To be honest, I find the double standards all quite amusing, as indeed I do the indecent haste with which some people have used it to vent bile about the SNP. However, before anyone thinks of jumping in with the ritualised 'your lot started it' cobblers, perhaps I could recommend a perusal of the following from Robbie Dinwoodie's blog:

Two minor points about the attacks on the SNP for supposedly spoiling the party – last week, after Chris Hoy's third gold, the Scottish Government initially offered simple congratulations, with no talk of a separate Olympics team until his senior advisor was pressed on the subject by the Daily Telegraph. Similarly, at the weekend, communities and sports minister Stewart Maxwell was speaking to the BBC about housing and was then asked about Olympic Team Scotland.


Well, there you have it. Now, can we move next business, please?

Tuesday, August 26, 2008

Congratulations

Congratulations to Tavish Scott - newly elected leader of the Scottish Liberal Democrats.

One thing that does catch my eye, though, is that while he secured the position with a stonking 59% of the votes cast, this equates to a rather less than stonking 1,450 votes in total. Which, with a 61% turnout, by my reckoning puts the Scottish Lib Dem membership at (1,450/0.59/0.61) = 4029.






Back in the 2005 leadership election, Nicol Stephen triumphed with 2,108 votes, ahead of Mike Rumbles, who trailed on 642. Given it was a 65% turnout, the membership then would have been 4,231, or 202 members higher than today.
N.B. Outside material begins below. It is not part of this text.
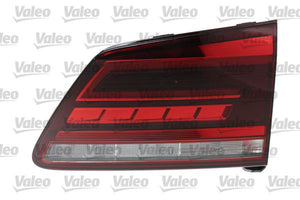 Golf Sportvan Rear Right Inner Light Brake Lamp Fits SV 510945094P Valeo 47221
Back then, the Lib Dems were in government too, and Mr Stephen immediately took on the mantle of Deputy First Minister. A Lib Dem leadership election was therefore a matter of great national significance. Today, Mr Scott has simply been elevated to position of parliamentary leader of the fourth party in Scotland.

Progress, anybody?

Friday, August 22, 2008

Hoy, Wait a Minute...

Belated congratulations to Chris Hoy, the Scottish/British/equallyscottishandbritish (delete according to personal preference so as to avoid offence) triple-gold medal winning Olympic hero.

It's a tenuous claim to fame, but I know his girlfriend. And her big sister. We used to play together in the Lothian Schools Strathspey and Reel Society. Much as I enjoyed cycling as a teenager, I have no hesitation in admitting I was considerably better at music than sport.

Mr Hoy, or Sir Chris as he may become shortly, should probably get used to people claiming to know him or generally wanting to get a piece of the action. All of a sudden, he's marketable. Want to sell bikes? Get Chris' agent on the phone. Energy drink? He's your man. Life assurance and pensions? Well, you can never start too early. Want to consolidate all your debts into one single easy monthly payment? Err, maybe he'll get back to you.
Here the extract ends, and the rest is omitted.